= Inequation =

Mathematical statement that two values are not equal

In mathematics, an inequation is a statement relating two values, that is either a strict inequality ("greater than", <, or "less than", >) or a relation "not equal to" (≠). It is usually written in the form of a pair of expressions denoting the values in question, with a relational sign between the two sides, indicating the specific inequality relation. Some examples of inequations are:

- $a < b$
- $x+y+z < 1$
- $n > 1$
- $x \neq 0$

Sometimes, the term "inequation" is restricted to the relation "not equal to", or is enlarged for including the relations "less than or equal to", ≤, and "greater than or equal to", ≥.

==Chains of inequations==
A shorthand notation is used for the conjunction of several inequations involving common expressions, by chaining them together. For example, the chain
$0 \leq a < b \leq 1$
is shorthand for
$0 \leq a ~ ~ \mathrm{and} ~ ~ a < b ~ ~ \mathrm{and} ~ ~ b \leq 1$
which also implies that $0 < b$ and $a < 1$.

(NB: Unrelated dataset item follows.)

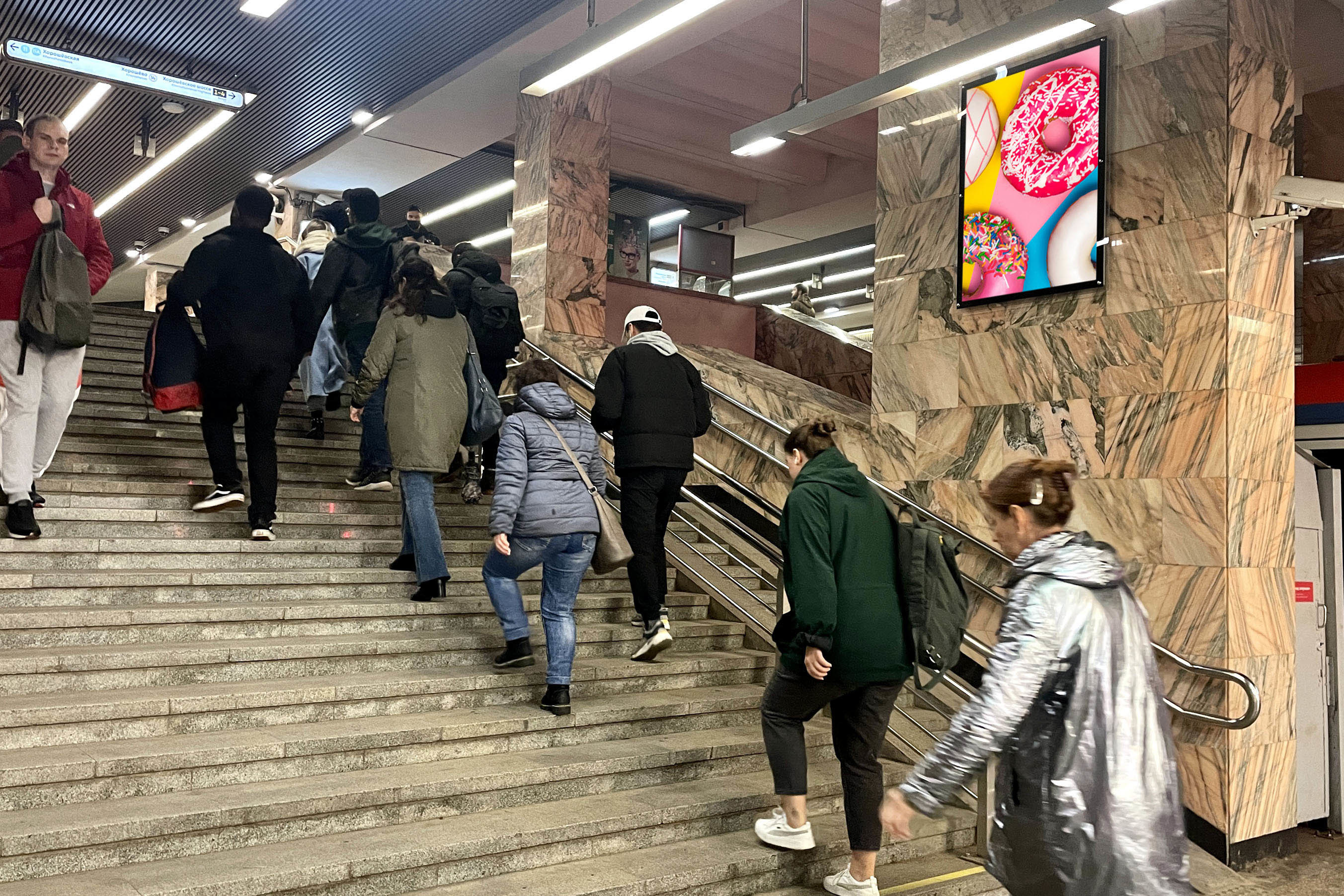 Фотография рекламного носителя, тип: Кристалайт, адрес: Станция метро «Полежаевская», линия Таганско-Краснопресненская, Москва, Россия. Сторона/вариант №1001873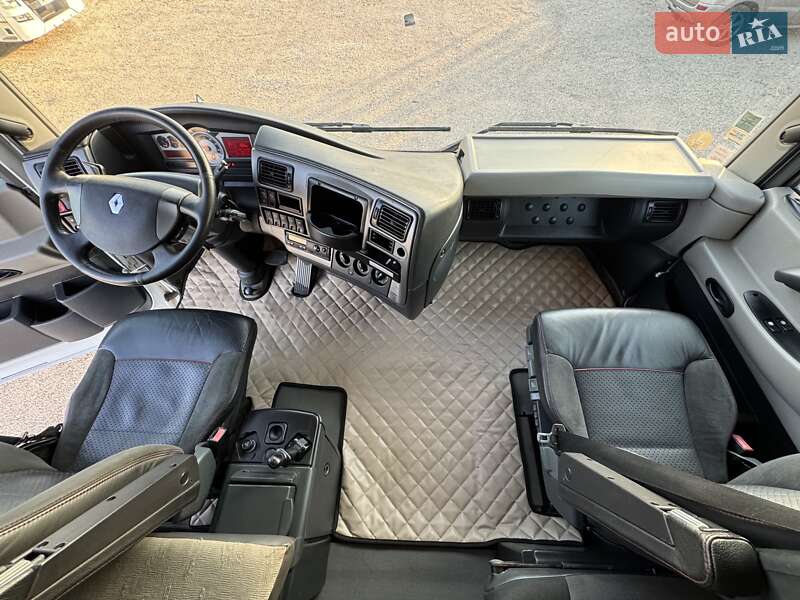 Тягач Renault Magnum 2010 в Рівному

In rare cases, chains without such implications about distant terms are used.
For example $i \neq 0 \neq j$ is shorthand for $i \neq 0 ~ ~ \mathrm{and} ~ ~ 0 \neq j$, which does not imply $i \neq j.$ Similarly, $a < b > c$ is shorthand for $a < b ~ ~ \mathrm{and} ~ ~ b > c$, which does not imply any order of $a$ and $c$.

==Solving inequations==

Solution set (portrayed as feasible region) for a sample list of inequations

Similar to equation solving, inequation solving means finding what values (numbers, functions, sets, etc.) fulfill a condition stated in the form of an inequation or a conjunction of several inequations. These expressions contain one or more unknowns, which are free variables for which values are sought that cause the condition to be fulfilled. To be precise, what is sought are often not necessarily actual values, but, more in general, expressions. A solution of the inequation is an assignment of expressions to the unknowns that satisfies the inequation(s); in other words, expressions such that, when they are substituted for the unknowns, make the inequations true propositions.
Often, an additional objective expression (i.e., an optimization equation) is given, that is to be minimized or maximized by an optimal solution.

For example,

$0 \leq x_1 \leq 690 - 1.5 \cdot x_2 \;\land\; 0 \leq x_2 \leq 530 - x_1 \;\land\; x_1 \leq 640 - 0.75 \cdot x_2$

is a conjunction of inequations, partly written as chains (where $\land$ can be read as "and"); the set of its solutions is shown in blue in the picture (the red, green, and orange line corresponding to the 1st, 2nd, and 3rd conjunct, respectively). For a larger example. see Linear programming#Example.

Computer support in solving inequations is described in constraint programming; in particular, the simplex algorithm finds optimal solutions of linear inequations. The programming language Prolog III also supports solving algorithms for particular classes of inequalities (and other relations) as a basic language feature. For more, see constraint logic programming.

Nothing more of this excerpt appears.